Good afternoon. I am honored to welcome you to this high-level conference on International Taxation in Asia”. I would like to thank Minister Sri Mulyani Indrawati and Indonesia’s Ministry of Finance for hosting this event.

I am especially honored to speak alongside the Minister today. We have worked together in many settings, and it is truly a pleasure to open this gathering with you.

It is also very important that Indonesia and the IMF are working closely in addressing issues like international tax policy. This country has emerged as an influential in ASEAN, the G-20, and other forums. This is just one stop in our work with your country—work that, within the IMF, we are calling the Voyage to Indonesia.

The destination is the 2018 IMF Annual Meetings, which will be held in Bali next October. Those meetings will provide a unique opportunity to showcase to the world the impressive social and economic achievements of both Indonesia and Asia.

I would also like to welcome everyone who has traveled to Jakarta from across the region to talk about a matter of policy importance.

Ladies and gentlemen, the 18th century statesman Edmund Burke once said of what we call domestic revenue mobilization: “To tax and to please, no more than to love and be wise, is given to no man.”

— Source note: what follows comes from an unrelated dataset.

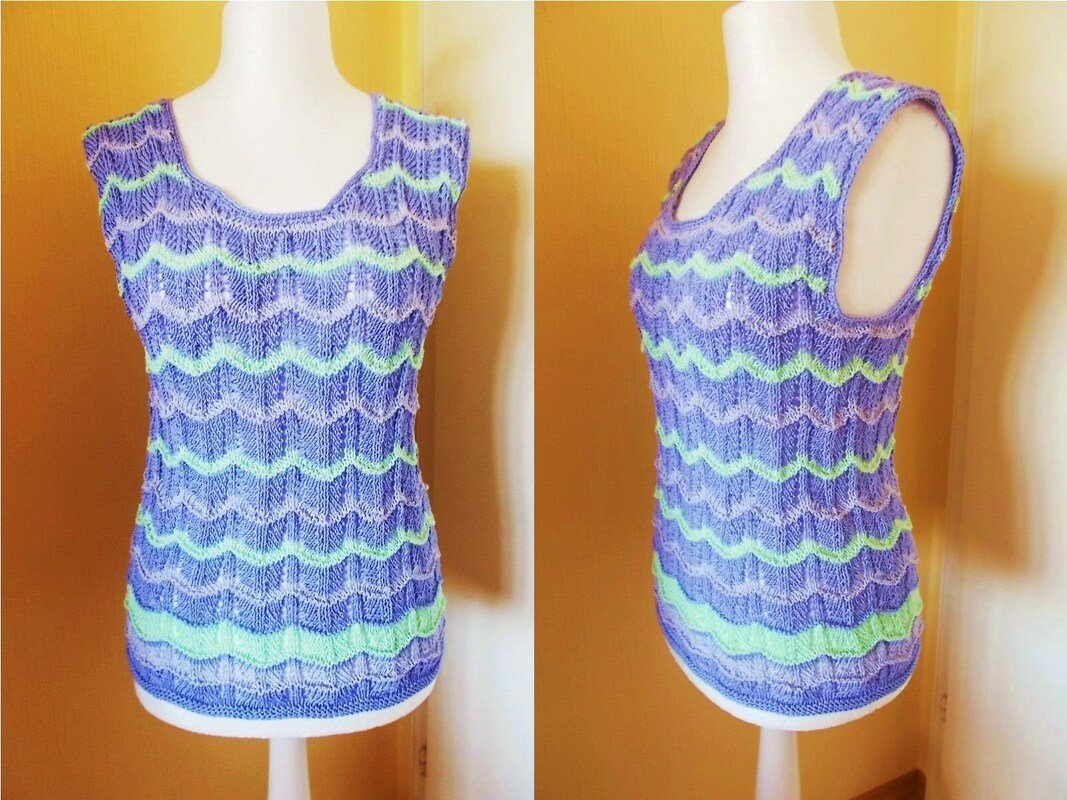 Ärmelloses gestricktes Damen-Top mit Wellenmuster in Lila und Mintgrün auf einer Schneiderpuppe, Vorder- und Seitenansicht.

These words hold true today as they did in the 18th century. But at the very least, perhaps the countries of ASEAN can make better use of tax revenues to please more of their people.

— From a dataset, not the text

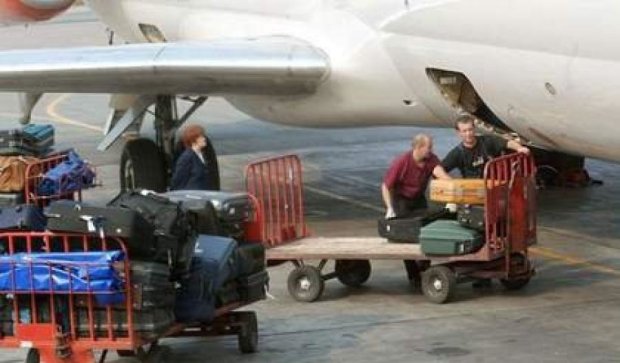 Авиалайнер экстренно сел из-за человека в багажнике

I know that this distinguished audience absolutely understands the importance of revenue mobilization and international tax reform for achieving stronger, more inclusive growth. So, what I would like to talk about with you today is the core tax-policy challenge the region confronts in its pursuit of continued economic success.

To set the stage for the topic of this conference, I will begin by outlining the IMF view of the region’s economic prospects. Then I will discuss some of the key issues that need to be addressed in the coming years—including domestic revenue mobilization. Finally, I will turn to the topic of international tax policy.

Economic Outlook

Let’s turn to the economic outlook. The IMF sees growth continuing to strengthen in many advanced and emerging market countries, after a decade of disappointing global growth.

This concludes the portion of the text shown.